The baseline characteristics of the derivation and internal validation cohorts are present in the appendix (pp 7–12). Overall, patients with phenotype A were younger (mean age 55·2 years [SD 18·4] vs 68·7 years [15·9] and 77·2 years [10·9] in phenotypes B and C, respectively), were less frequently male (55% vs 63% and 69%), presented more frequently with headache (19% vs 9% and 7%), myalgia (29% vs 26% and 13%), and chest pain (15% vs 11% and 11%), had higher lymphocyte count (mean 1439 cells/μL [SD 1761] vs 1094 cells/μL [1424] and 1096 cells/μL [1170]), and had lower levels of inflammatory parameters such as C-reactive protein, IL-6, ferritin, or lactic acid dehydrogenase (appendix pp 7–9). Patients with phenotype B more frequently reported fever (83% vs 80% and 69% in phenotypes A and C, respectively) and cough (74% vs 68% and 63%), more frequently lacked pulmonary infiltrates in chest radiography (20% vs 46% and 25%), more frequently had interstitial infiltrates (45% vs 25% and 41%), and had higher levels of ferritin (mean 809·5 ng/mL [SD 588·4] vs 616·4 ng/mL [219·7] and 752·8 ng/mL [320·4]) and creatine phosphokinase (mean 164·3 U/L [SD 464·0] vs 150·8 U/L [368·2] and 141·4 U/L [199·0]; appendix pp 7–9). Patients with phenotype C more frequently had chronic heart disease (56% vs 13% and 23% in phenotypes A and B, respectively), hypertension (86% vs 31% and 53%), chronic lung disease (31% vs 8% and 19%), stage 4 chronic kidney disease (34% vs 3% and 3%), obesity (body-mass index >30 kg/m2; 23% vs 8% and 14%), diabetes (48% vs 10% and 22%), and acute altered mental status (18% vs 5% and 12%); had higher levels of neutrophils (mean 8539 cells/μL [SD 6656] vs 4112 cells/μL [2511] and 4892 cells/μL [2844]), D-dimer (mean 1343·1 μg/L [SD 2419·7] vs 715·8 μg/L [986·5] and 986·3 μg/L [3290·5]), procalcitonin (mean 0·70 ng/mL [SD 0·96] vs 0·17 ng/mL [0·26] and 0·27 ng/mL [0·51]), C-reactive protein (mean 127·1 mg/L [SD 119·8] vs 47·4 mg/L [68·3] and 88·8 mg/L [84·2]), creatinine (mean 2·76 mg/dL [SD 2·11] vs 0·96 mg/dL [0·56] and 0·99 mg/dL [0·36]), and potassium (mean 4·5 mEq/L [SD 0·7] vs 4·0 mEq/L [0·5] and 4·0 mEq/L [0·5]); and had poorer oxygenation parameters (appendix pp 7–9, Figure 1, Figure 2 ).

Figure 1

Chord diagram of the distribution of groups of variables in the phenotypes in the derivation cohort

Variables are grouped into categories.

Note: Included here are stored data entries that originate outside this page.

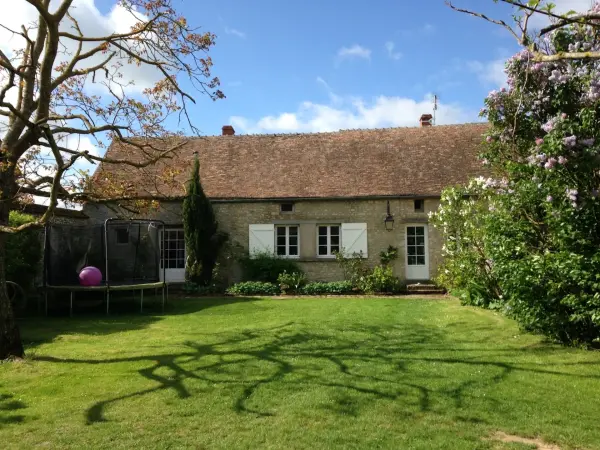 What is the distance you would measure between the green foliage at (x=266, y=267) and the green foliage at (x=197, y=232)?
1.12 metres

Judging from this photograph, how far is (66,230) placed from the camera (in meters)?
12.3

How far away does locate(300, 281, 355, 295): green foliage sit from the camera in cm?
1438

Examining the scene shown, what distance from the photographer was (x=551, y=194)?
6.71 m

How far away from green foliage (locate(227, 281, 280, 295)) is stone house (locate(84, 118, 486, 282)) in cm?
160

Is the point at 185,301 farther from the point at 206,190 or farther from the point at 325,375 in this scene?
the point at 325,375

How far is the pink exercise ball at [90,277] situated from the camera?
1141 centimetres

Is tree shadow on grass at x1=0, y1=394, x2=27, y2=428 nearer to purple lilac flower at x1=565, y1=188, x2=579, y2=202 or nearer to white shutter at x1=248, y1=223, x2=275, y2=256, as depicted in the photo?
purple lilac flower at x1=565, y1=188, x2=579, y2=202

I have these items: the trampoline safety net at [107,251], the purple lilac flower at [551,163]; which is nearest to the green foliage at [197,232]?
the trampoline safety net at [107,251]

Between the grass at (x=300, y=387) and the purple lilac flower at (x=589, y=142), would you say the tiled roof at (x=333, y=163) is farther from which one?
the purple lilac flower at (x=589, y=142)

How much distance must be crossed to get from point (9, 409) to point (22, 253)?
23.5 feet

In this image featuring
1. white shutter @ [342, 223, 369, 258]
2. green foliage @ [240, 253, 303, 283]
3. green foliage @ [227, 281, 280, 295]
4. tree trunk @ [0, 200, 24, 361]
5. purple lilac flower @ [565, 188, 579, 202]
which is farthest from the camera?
white shutter @ [342, 223, 369, 258]

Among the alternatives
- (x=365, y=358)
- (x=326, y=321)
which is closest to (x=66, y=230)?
(x=326, y=321)

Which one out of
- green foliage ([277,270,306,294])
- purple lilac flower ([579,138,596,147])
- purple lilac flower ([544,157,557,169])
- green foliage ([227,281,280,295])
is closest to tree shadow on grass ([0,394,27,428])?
purple lilac flower ([544,157,557,169])

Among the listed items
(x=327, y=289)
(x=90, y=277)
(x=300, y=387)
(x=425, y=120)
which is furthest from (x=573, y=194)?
(x=425, y=120) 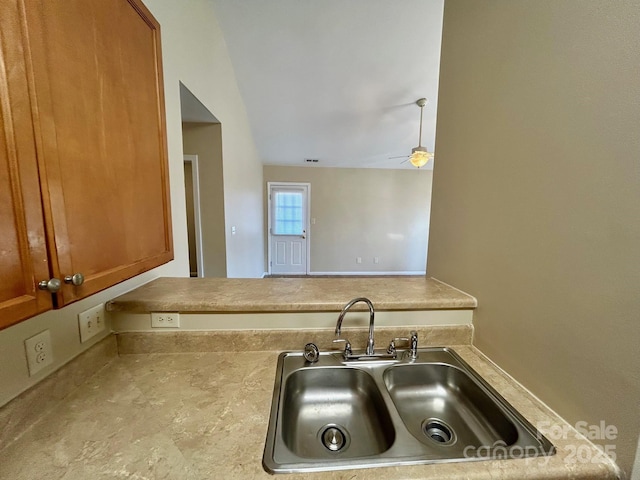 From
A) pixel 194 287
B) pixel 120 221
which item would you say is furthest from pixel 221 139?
pixel 120 221

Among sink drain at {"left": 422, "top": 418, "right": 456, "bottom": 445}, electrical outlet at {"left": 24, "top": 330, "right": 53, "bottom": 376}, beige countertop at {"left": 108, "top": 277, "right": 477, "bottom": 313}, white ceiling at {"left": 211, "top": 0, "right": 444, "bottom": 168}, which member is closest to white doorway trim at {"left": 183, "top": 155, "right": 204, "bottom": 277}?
white ceiling at {"left": 211, "top": 0, "right": 444, "bottom": 168}

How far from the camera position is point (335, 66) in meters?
2.78

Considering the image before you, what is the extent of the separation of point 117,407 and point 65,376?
0.20m

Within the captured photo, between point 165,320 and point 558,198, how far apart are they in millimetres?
1399

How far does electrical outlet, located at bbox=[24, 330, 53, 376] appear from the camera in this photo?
2.14 feet

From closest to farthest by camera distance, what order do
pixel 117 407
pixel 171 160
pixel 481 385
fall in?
pixel 117 407 < pixel 481 385 < pixel 171 160

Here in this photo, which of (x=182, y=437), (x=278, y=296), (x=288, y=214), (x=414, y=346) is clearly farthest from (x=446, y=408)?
(x=288, y=214)

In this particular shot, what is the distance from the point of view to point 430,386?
97cm

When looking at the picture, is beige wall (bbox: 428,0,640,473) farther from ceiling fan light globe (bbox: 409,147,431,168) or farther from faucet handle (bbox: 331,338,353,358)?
ceiling fan light globe (bbox: 409,147,431,168)

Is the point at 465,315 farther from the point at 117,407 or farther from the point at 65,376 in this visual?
the point at 65,376

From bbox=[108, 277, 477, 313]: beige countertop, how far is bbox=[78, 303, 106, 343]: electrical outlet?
0.13 feet

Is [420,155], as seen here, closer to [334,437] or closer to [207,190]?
[207,190]

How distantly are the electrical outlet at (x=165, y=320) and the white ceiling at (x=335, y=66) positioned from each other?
2649 millimetres

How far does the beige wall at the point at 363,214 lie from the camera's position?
538 cm
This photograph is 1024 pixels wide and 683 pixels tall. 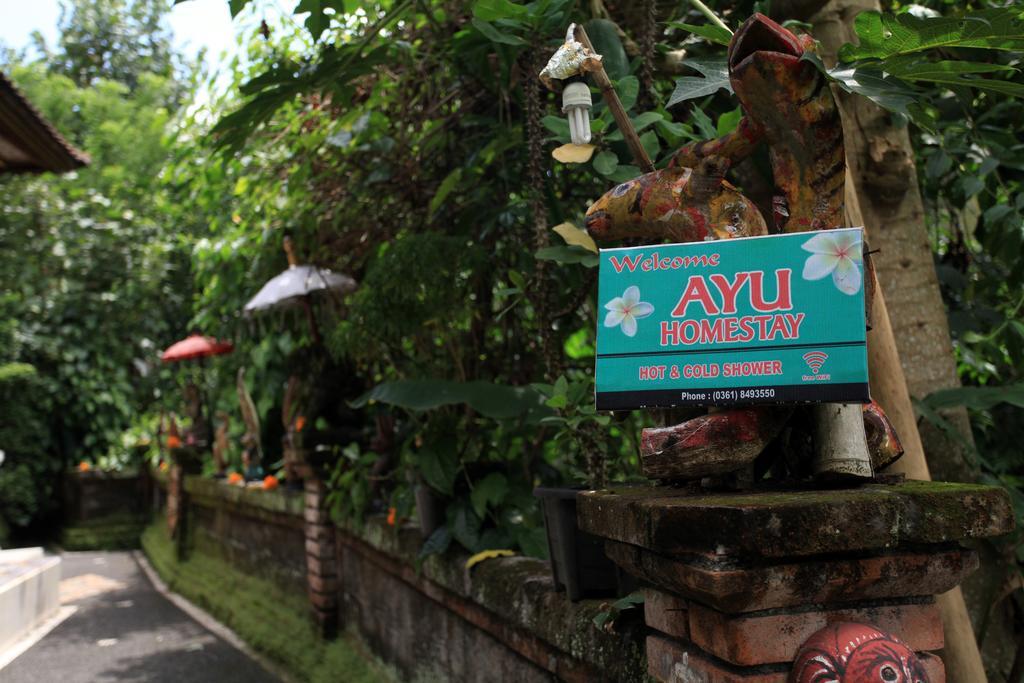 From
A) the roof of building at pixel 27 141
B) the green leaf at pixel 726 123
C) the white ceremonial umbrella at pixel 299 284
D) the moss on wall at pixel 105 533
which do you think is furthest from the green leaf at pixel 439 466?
→ the moss on wall at pixel 105 533

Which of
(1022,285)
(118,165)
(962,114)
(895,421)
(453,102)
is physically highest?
(118,165)

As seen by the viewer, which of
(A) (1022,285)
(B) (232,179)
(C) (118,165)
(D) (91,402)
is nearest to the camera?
(A) (1022,285)

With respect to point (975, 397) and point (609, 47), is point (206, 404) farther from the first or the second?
point (975, 397)

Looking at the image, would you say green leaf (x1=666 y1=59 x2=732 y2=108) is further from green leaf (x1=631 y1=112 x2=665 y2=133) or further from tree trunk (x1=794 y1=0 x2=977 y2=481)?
tree trunk (x1=794 y1=0 x2=977 y2=481)

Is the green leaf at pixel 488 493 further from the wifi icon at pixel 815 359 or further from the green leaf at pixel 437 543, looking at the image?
the wifi icon at pixel 815 359

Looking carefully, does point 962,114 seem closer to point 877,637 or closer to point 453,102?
point 453,102

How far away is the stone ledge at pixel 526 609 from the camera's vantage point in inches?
99.8

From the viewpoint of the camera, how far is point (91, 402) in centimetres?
1452

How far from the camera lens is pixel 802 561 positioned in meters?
1.67

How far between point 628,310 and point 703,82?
0.83 m

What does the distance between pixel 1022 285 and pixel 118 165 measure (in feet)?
55.9

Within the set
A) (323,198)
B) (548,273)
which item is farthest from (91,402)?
(548,273)

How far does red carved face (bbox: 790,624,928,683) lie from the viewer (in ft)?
5.20

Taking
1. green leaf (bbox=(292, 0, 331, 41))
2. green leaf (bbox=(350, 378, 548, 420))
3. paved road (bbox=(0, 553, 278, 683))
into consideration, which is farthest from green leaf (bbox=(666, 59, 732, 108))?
paved road (bbox=(0, 553, 278, 683)) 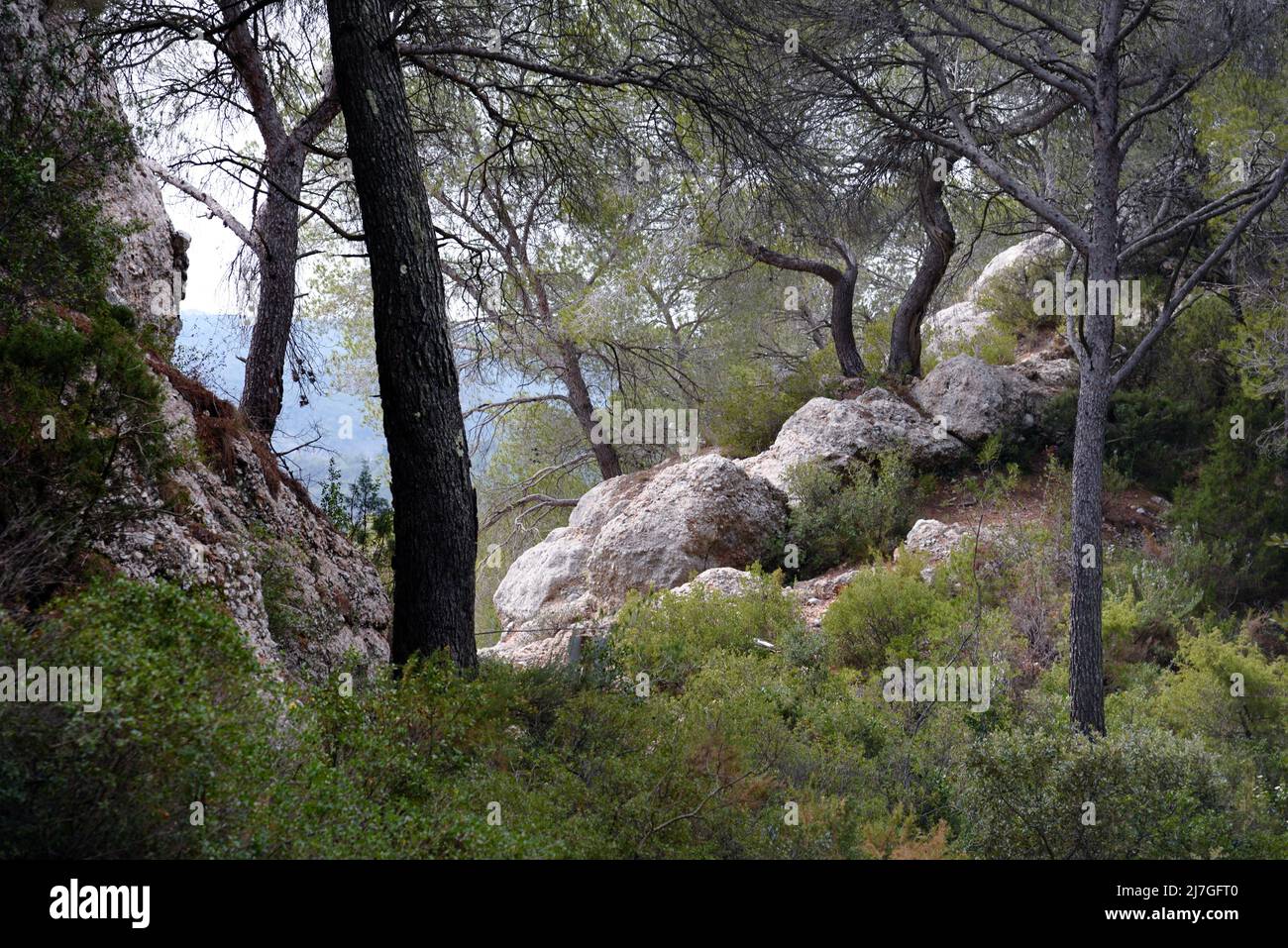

The phenotypes are shown in different colours: phenotype A is green, phenotype B is blue, and phenotype C is red. For each phenotype, if a variable mean (for continuous variables) or proportion (for categorical variables) is significantly different to the mean or proportion in the full derivation cohort, a ribbon connects the phenotype and the variable group. The width of the ribbons correlates with the number of variables that are significantly different from those in the derivation cohort for that phenotype.

Figure 2

Heatmap of the distribution of continuous variables in the phenotypes in the derivation cohort

A colour gradient is used to show differences in mean values in relation to the full derivation cohort, towards red for higher values and blue for lower values. The colour gradient indicates the number of SDs that the mean value in the subcohort of interest is below or above the mean value in the full cohort.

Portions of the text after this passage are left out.